Tetanus is a bacterial infection caused by C. tetani.20 C. tetani is found primarily in soil, dust and animal feces. Its spores enter the body through non-intact skin, usually cuts or puncture wounds caused by contaminated objects. Less commonly, tetanus has been linked to clean superficial wounds, chronic sores, insect bites, dental infections, compound fractures with exposed bone, and intravenous (IV) drug use.
The incubation period of C. tetani is usually 3–21 days, although it may range from 1 day to several months, depending on the character of the wound. Most cases occur within 14 days. In general, with heavy wound contamination the incubation period is shorter, the disease is more severe, and the prognosis is poorer. The spores germinate under anaerobic conditions and produce tetanospasmin, a powerful toxin.
Tetanospasmin is disseminated via the vascular and lymphatic systems to the central nervous system, including peripheral motor end plates, spinal cord, and brain and the autonomic nervous system. The typical clinical features of tetanus are caused when tetanus toxins interfere with the release of neurotransmitters, blocking inhibitory impulses. This leads to unopposed muscle contraction and spasm.
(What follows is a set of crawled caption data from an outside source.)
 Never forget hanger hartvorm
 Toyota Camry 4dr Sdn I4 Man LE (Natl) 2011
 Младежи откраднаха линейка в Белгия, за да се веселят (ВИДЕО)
“Hallmark” manifestations of tetanus include muscle stiffness and spasms (cramping) in the jaws, neck, and abdominal muscles. Other signs and symptoms may include fever, sweating, difficulty swallowing, elevated blood pressure, and rapid heart rate. Complications may include long bone fractures, laryngospasm, difficulty breathing, aspiration pneumonia, and blockage of the main artery of the lung or one of its branches by a blood clot (pulmonary embolism).
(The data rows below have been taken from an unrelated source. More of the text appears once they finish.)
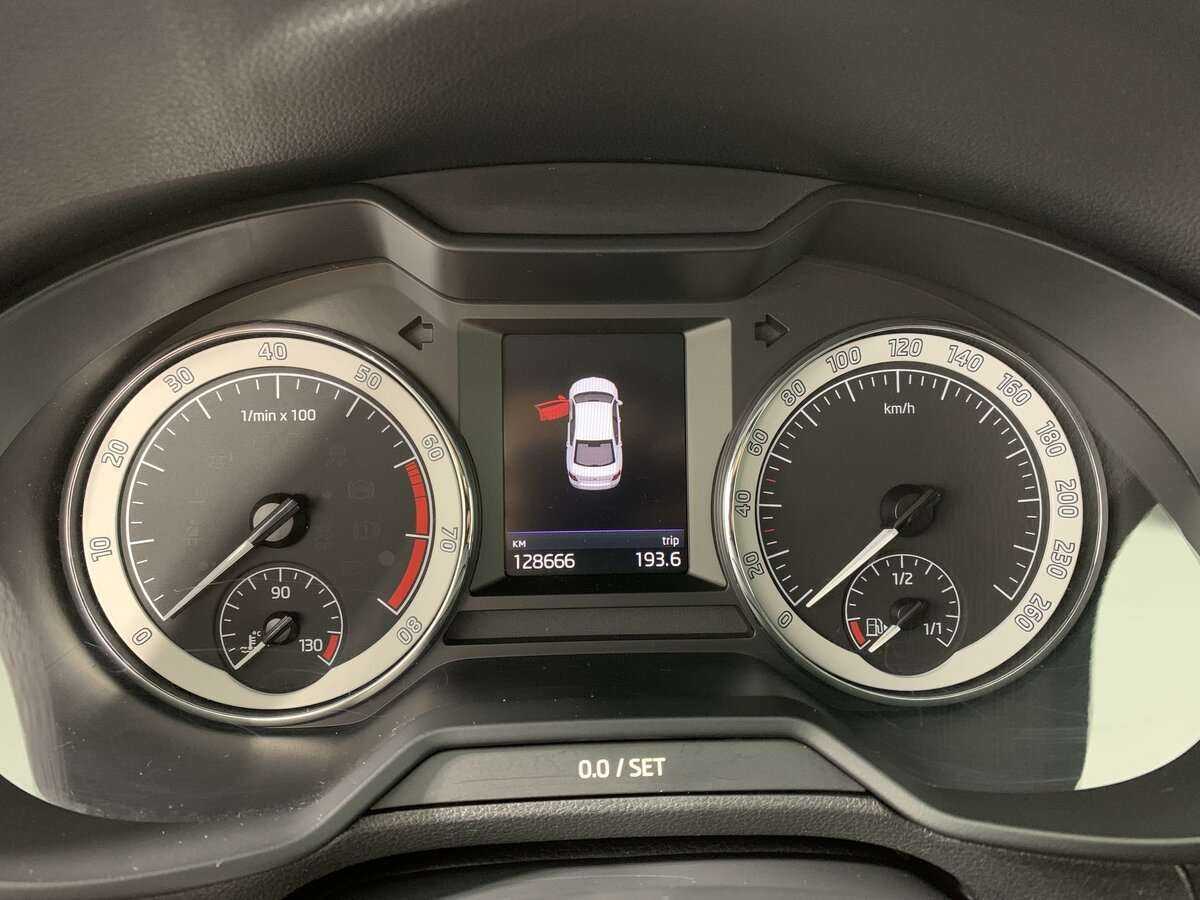 Skoda Octavia, 2018 - Фото №12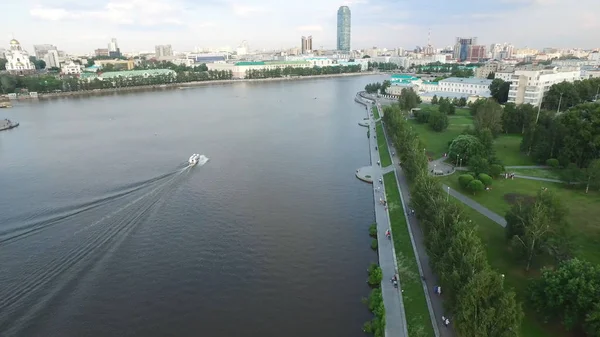 Grande centro città moderno visto dall'alto. Bella di Ekaterinburg città vista aerea con fiume, Russia — Foto Stock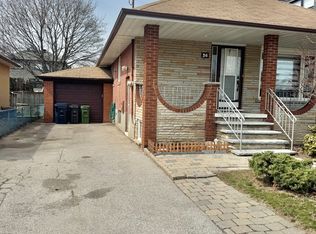 36 Ashmore Ave, Toronto, ON M8Z4C4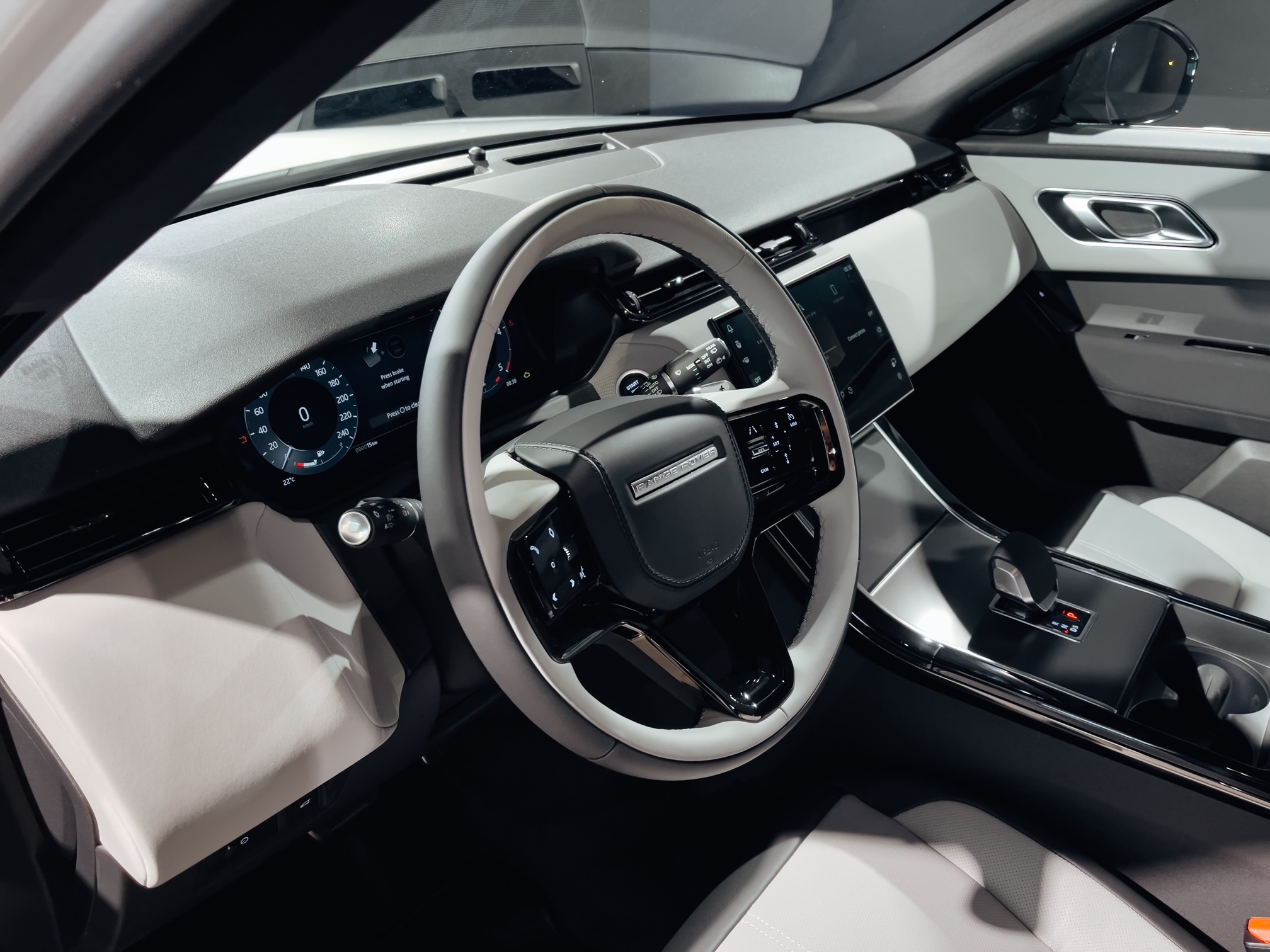 Land Rover - Range Rover Velar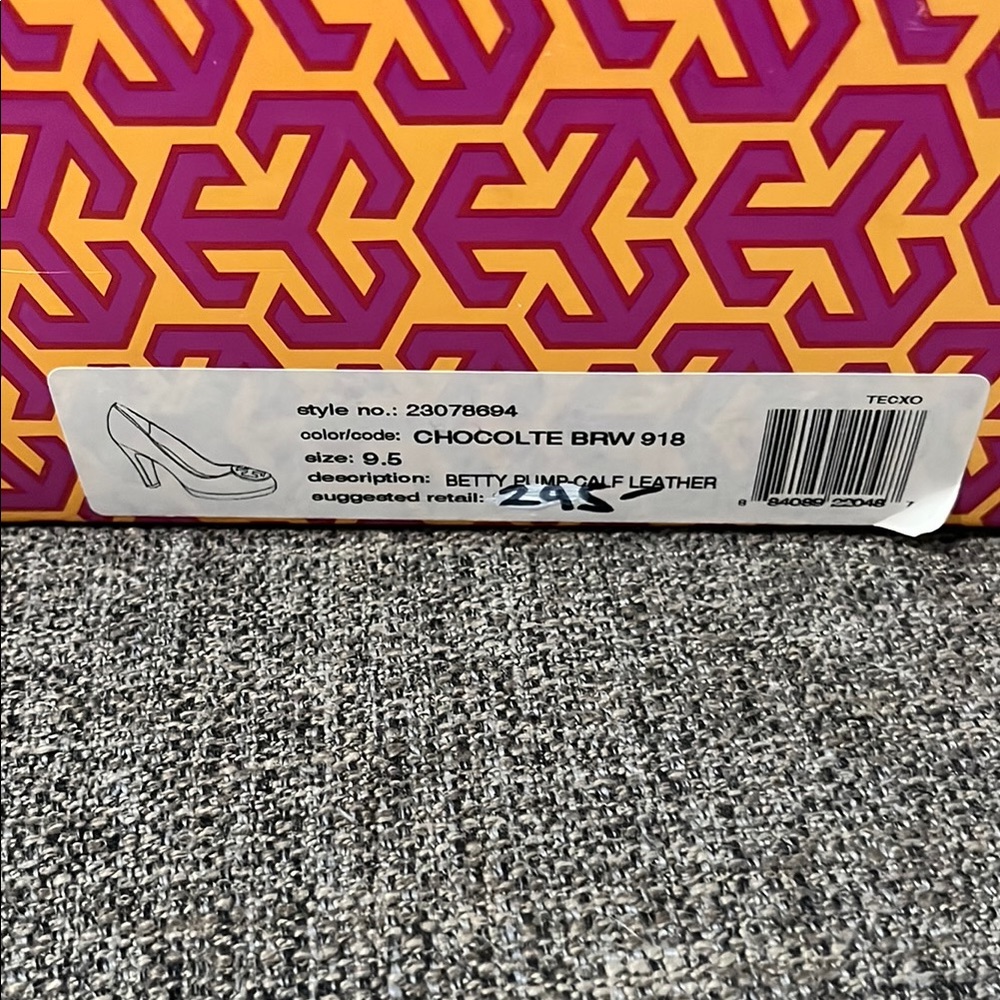 New Tory Burch Chocolate Brown Betty Pumps - Picture 13 of 16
Tetanus is a vaccine-preventable infection. There are four combination vaccines available to prevent diphtheria, tetanus and pertussis: DTaP, Tdap, DT, and Td. Two of these (DTaP and DT) are given to children younger than 7 years of age, and two (Tdap and Td) are given to older children and adults. A booster dose of Td is recommended every 10 years. Alternatively, one lifetime booster dose of Tdap may be administered.
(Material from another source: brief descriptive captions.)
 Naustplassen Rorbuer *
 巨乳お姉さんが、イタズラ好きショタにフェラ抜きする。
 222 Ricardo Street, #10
Tetanus requires hospitalization, immediate treatment with human tetanus immune globulin (TIG) or equine antitoxin (if human immune globulin is not available), a tetanus toxoid booster, drug therapy to control muscle spasm and infection, and aggressive wound care. Depending on the severity of the disease (localized versus generalized tetanus), mechanical ventilation and drug therapy to control autonomic instability may be required. About 10-20% of the cases are fatal.